I want to determine for which $\lambda\in\mathbb{R}$ the following linear system over $\mathbb{R}$ has a solution:
\begin{cases} x_1 + 2x_2 - 3x_3 = \lambda\\ 3x_1 + 5x_2 - 3x_3 = 2\lambda\\ -3x_1-4x_2-3x_3=1 \end{cases}
I would like to understand how to solve this exercise. Here's the augmented matrix to make it a little easier to solve:
\begin{bmatrix} 1&2&-3&\lambda\\ 3&5&-3&2\lambda\\ -3&-4&-3&1 \end{bmatrix}
I know that systems like these have a solution (one or infinite) if the rank of the coefficients matrix A matches the rank of the augmented matrix $A|b$. However, I don't know how I would go about evaluating the rank of $A|b$. Sure, I could try to calculate the determinant of all the submatrices of order 3 until I find that one has determinant $\neq 0$ but that would take a while.
Also, I've tried to reduce the matrix in row-echelon form but I can't see how to go from there.
\begin{bmatrix} 1&2&-3&\lambda\\ 0&-1&0&-\lambda\\ 0&1&-6&3\lambda \end{bmatrix}
Any hints?
In trying to reduce the augmented matrix to the reduced row-echelon form, we have
$$ \begin{align*} \left(\begin{array}{ccc|c} 1&2&-3&\lambda\\ 3&5&-3&2\lambda\\ -3&-4&-3&1 \end{array}\right)&\equiv \left(\begin{array}{ccc|c} 1&2&-3&\lambda\\ 0&-1&6&-\lambda\\ 0&2&-12&3\lambda+1 \end{array}\right)\tag{1}\\ &\equiv \left(\begin{array}{ccc|c} 1&0&9&-\lambda\\ 0&-1&6&-\lambda\\ 0&0&0&\lambda+1 \end{array}\right)\tag{2} \end{align*} $$ From the last augmented matrix, we see that we need to have $\lambda+1=0$ otherwise the system would be inconsistent.
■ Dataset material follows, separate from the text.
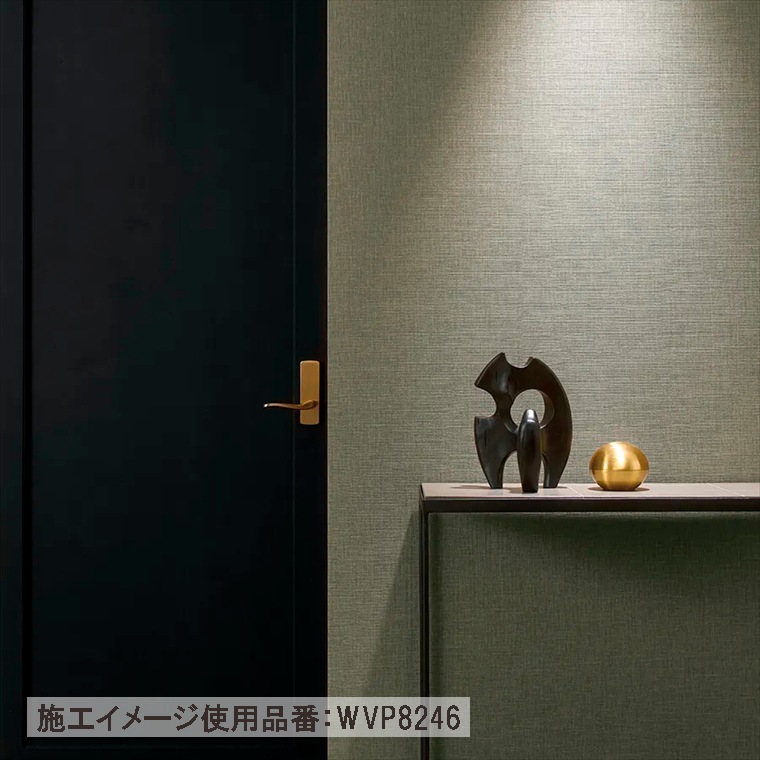 東リ WVP8494～ 生のり付き壁紙 16色 イエロー グリーン DECOPOWER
So to have solution, we need $\lambda=-1$.
The row operations that I did in 1 from top to bottom rows are $R_1\longrightarrow R_1$, $R_2\longrightarrow -3R_1+R_2$, and $R_3\longrightarrow 3R_1+R_3$, respectively.
The row operations that I did in 2 from top to bottom rows are $R_1\longrightarrow2R_2+R_1$, $R_2\longrightarrow R_2$, and $R_3\longrightarrow2R_2+R_3$.